[Records Boundary: Start]

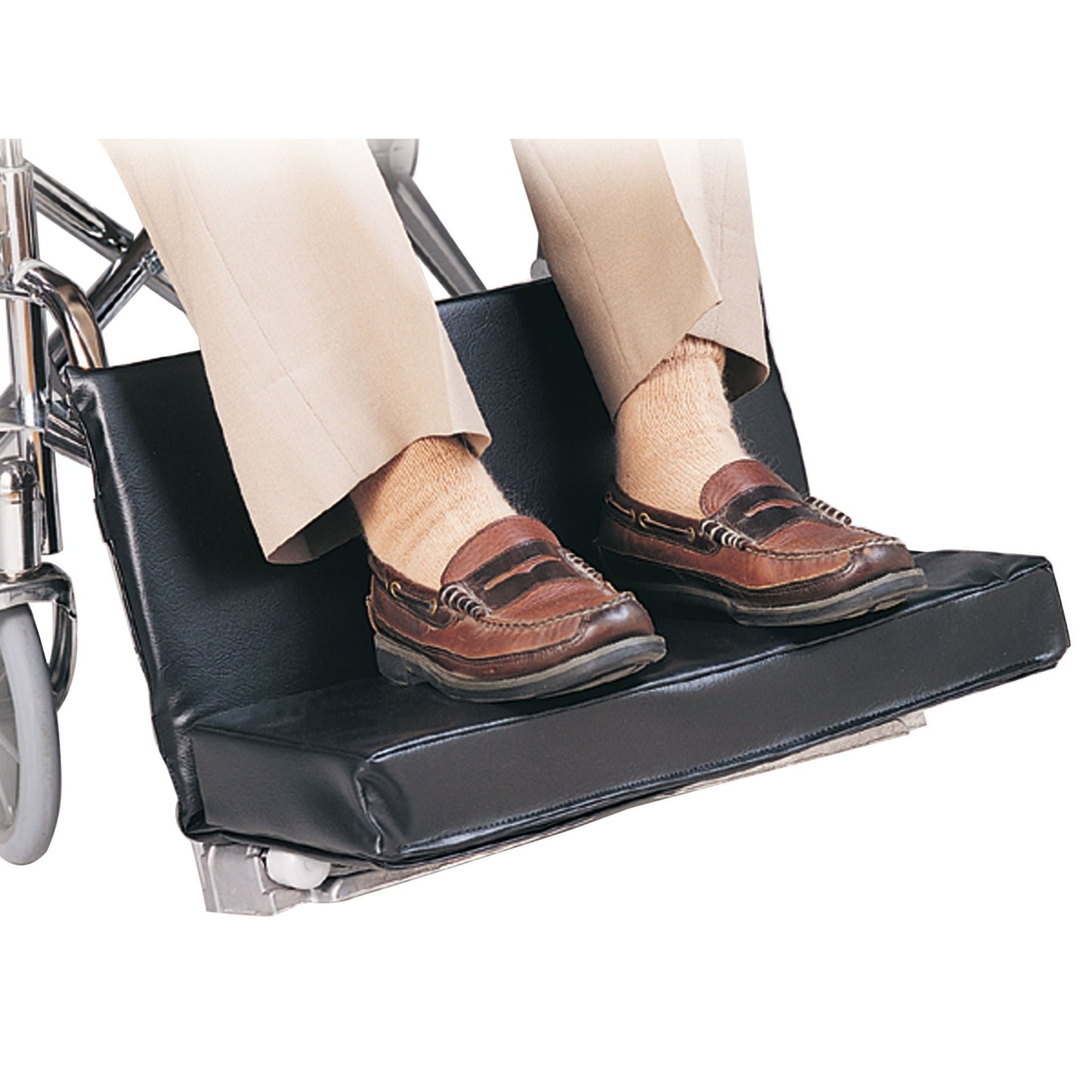 EXTENDER, FOOTREST 18" W/3" CUSHION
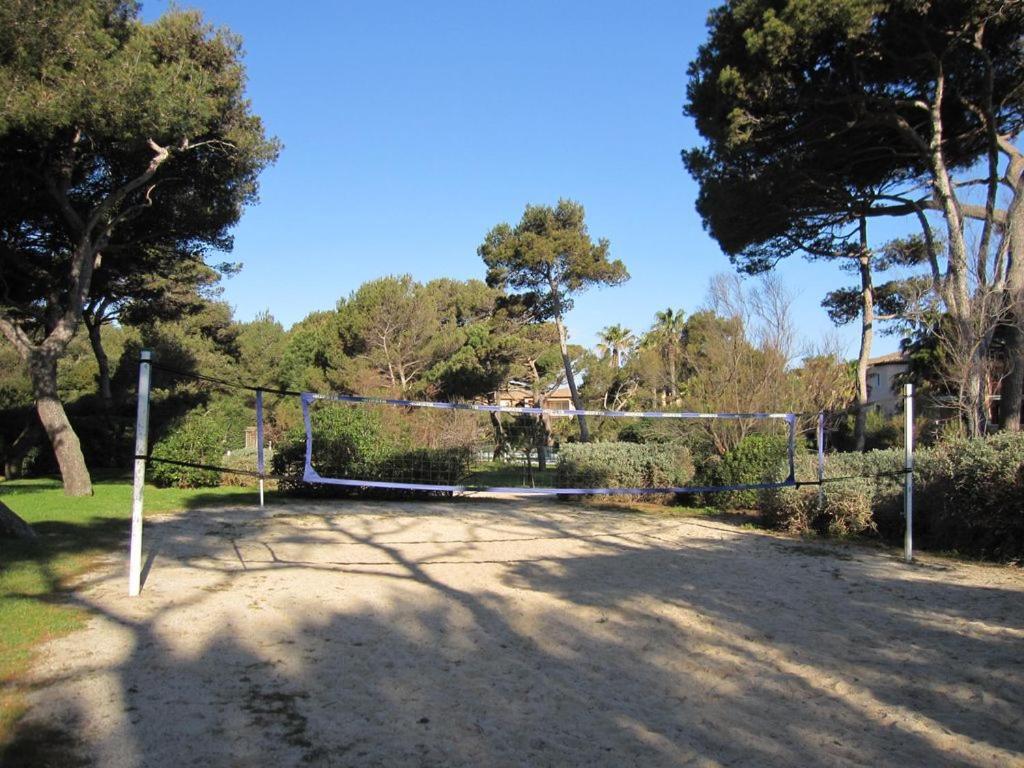 Hyères La Badine 5P Plage Piscine Clim Jacuzzi Parc Luxuriant المظهر الخارجي الصورة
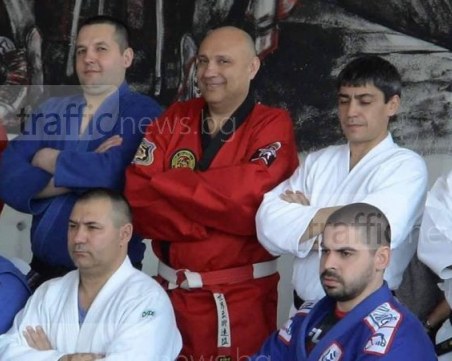 Внезапно почина началникът на полицията в Брезово СНИМКИ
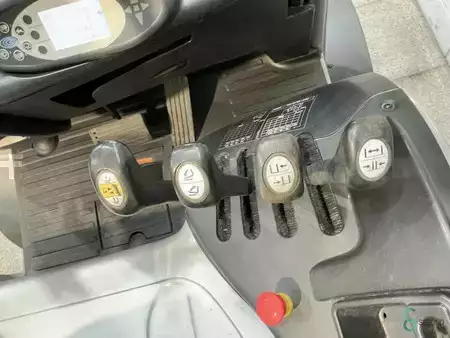 Eléctrica de 4 ruedas 2018  Still RX60-50 (12)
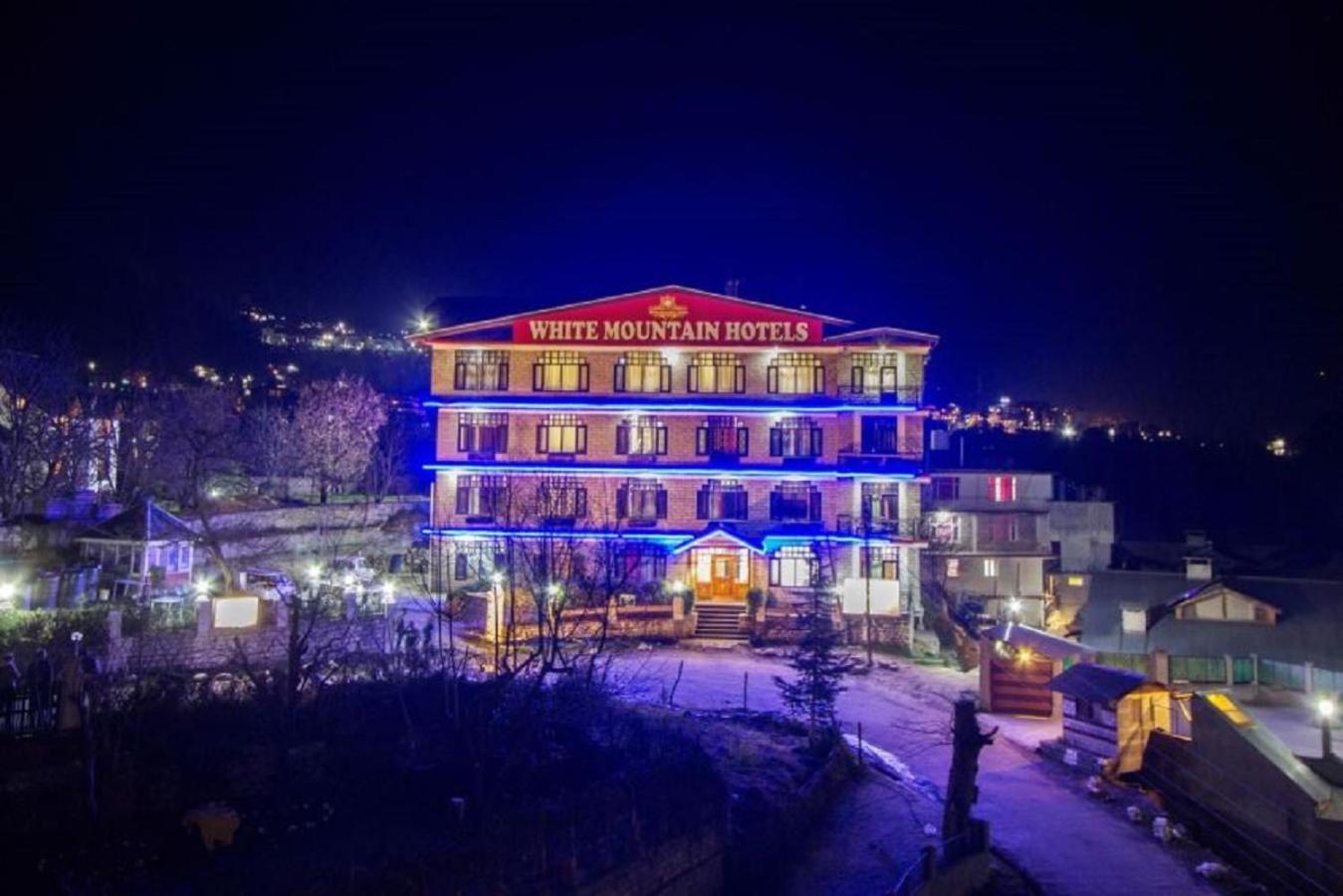 White Mountain Hotel Manali  Bagian luar foto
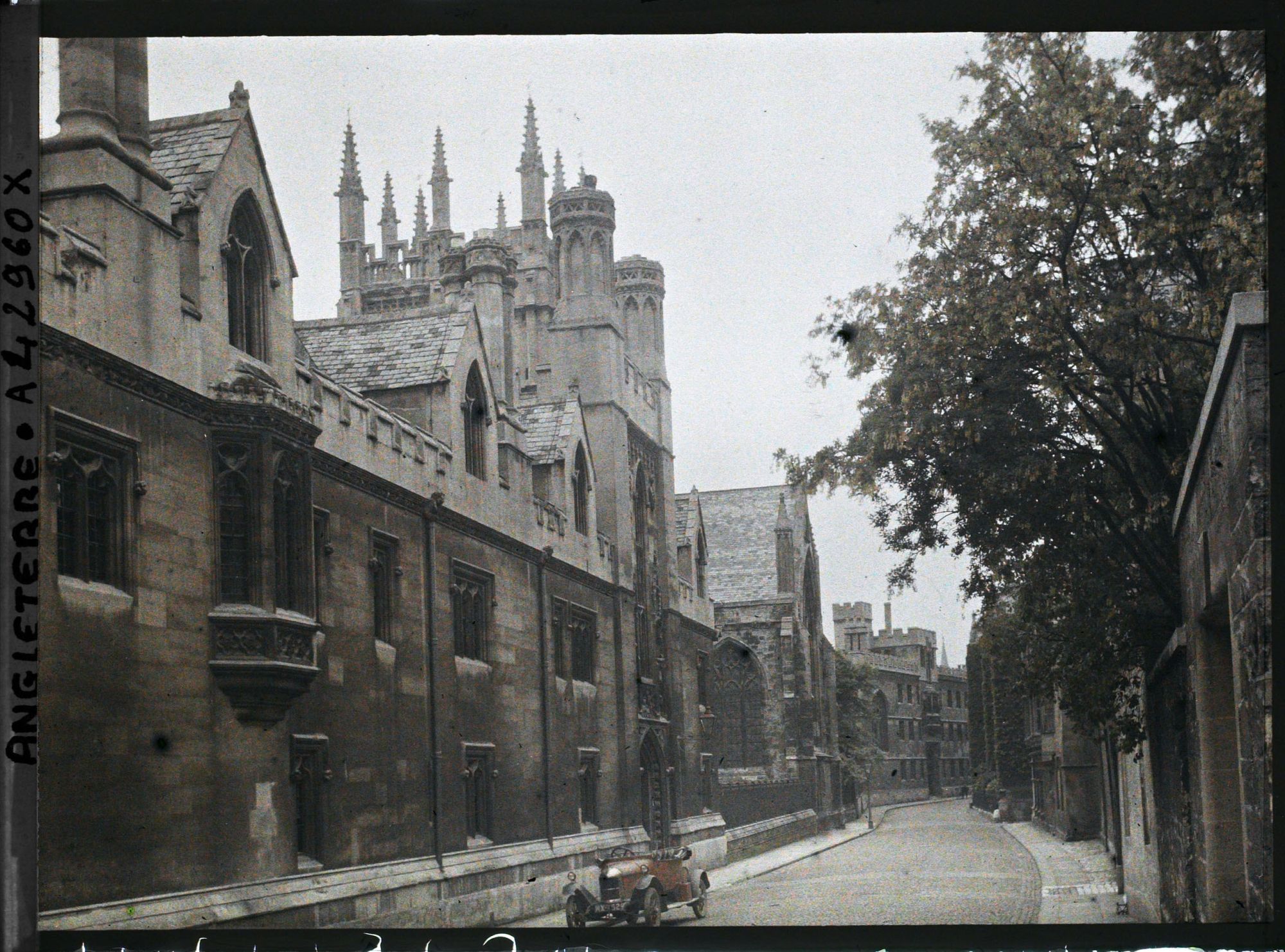 Image représentant Entrée principale du Merton College. Au fond, le Corpus Christi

[Records Boundary: End]

◆ **Problem requirements**
Copy every record exactly as it appears, apart from any pictures.

◆ **Answer box**
 EXTENDER, FOOTREST 18" W/3" CUSHION
 Hyères La Badine 5P Plage Piscine Clim Jacuzzi Parc Luxuriant المظهر الخارجي الصورة
 Внезапно почина началникът на полицията в Брезово СНИМКИ
 Eléctrica de 4 ruedas 2018  Still RX60-50 (12)
 White Mountain Hotel Manali  Bagian luar foto
 Image représentant Entrée principale du Merton College. Au fond, le Corpus Christi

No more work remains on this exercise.